Giving Compass' Take:

• Angela Baldasare explains how bureaucratic barriers prevent student success and how streamlining can reduce and remove these barriers. 

• How can funders help schools reduce these barriers? 

• Learn more about colleges' approaches to student success


Institutions of higher education are facing greater challenges today than ever before. Administrators are grappling with increasing accountability measures, tenuous public support, and the emergent expectations of a diverse student population. At the same time, higher education leaders are also now able to tackle these challenges differently, through access to more abundant data and new tools aimed at improving student success.

Solutions to many of these problems are available, yet change can be slow. Too often, we conceptualize our challenges around student success as rooted in the deficits of students, when in reality, institutional process and the fragmentation of skills and knowledge more often present the biggest barriers to unlocking student success.

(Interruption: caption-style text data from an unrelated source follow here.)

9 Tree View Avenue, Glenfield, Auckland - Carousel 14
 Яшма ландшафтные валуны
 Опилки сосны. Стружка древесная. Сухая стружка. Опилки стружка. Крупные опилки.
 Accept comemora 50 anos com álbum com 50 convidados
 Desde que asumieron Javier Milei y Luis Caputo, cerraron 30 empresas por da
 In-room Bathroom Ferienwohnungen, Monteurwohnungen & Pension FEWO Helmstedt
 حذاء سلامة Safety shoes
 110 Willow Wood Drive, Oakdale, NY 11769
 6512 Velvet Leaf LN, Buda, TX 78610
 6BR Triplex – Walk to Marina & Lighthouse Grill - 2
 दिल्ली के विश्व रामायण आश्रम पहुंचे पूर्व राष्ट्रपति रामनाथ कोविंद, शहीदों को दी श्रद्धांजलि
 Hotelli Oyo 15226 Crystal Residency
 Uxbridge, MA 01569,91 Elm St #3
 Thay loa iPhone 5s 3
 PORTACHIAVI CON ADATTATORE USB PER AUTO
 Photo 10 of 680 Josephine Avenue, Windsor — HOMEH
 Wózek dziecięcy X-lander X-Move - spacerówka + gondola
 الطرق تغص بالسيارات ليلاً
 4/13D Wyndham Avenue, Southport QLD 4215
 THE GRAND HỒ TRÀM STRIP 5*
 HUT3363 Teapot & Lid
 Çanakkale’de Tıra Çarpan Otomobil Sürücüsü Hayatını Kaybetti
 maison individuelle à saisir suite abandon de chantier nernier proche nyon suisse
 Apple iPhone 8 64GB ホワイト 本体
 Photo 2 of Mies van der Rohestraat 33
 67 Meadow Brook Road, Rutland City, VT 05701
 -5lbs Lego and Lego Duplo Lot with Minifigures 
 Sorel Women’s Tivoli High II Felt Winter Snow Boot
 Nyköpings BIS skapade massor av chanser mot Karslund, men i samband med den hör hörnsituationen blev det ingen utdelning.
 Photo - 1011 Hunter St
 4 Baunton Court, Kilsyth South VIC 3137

Take the University of Arizona, for example, where I served as an assistant provost for four years. There, a data warehouse and business intelligence system was built to provide easy access to data throughout the entire institution. Later we combined that data infrastructure with institutional research to improve strategic decision making.

Yet despite having prolific data dashboards, leaders continued to have difficulty obtaining the actionable information they needed to inform better, more timely student success efforts.

What’s more, countless third party systems continued to present challenges to integration of data across campus into our data warehouse where it could be made available to all. These weren’t just technical integration challenges—some campus leaders wanted to maintain ownership control over how data from processes in their areas would be presented, interpreted, used, and by whom.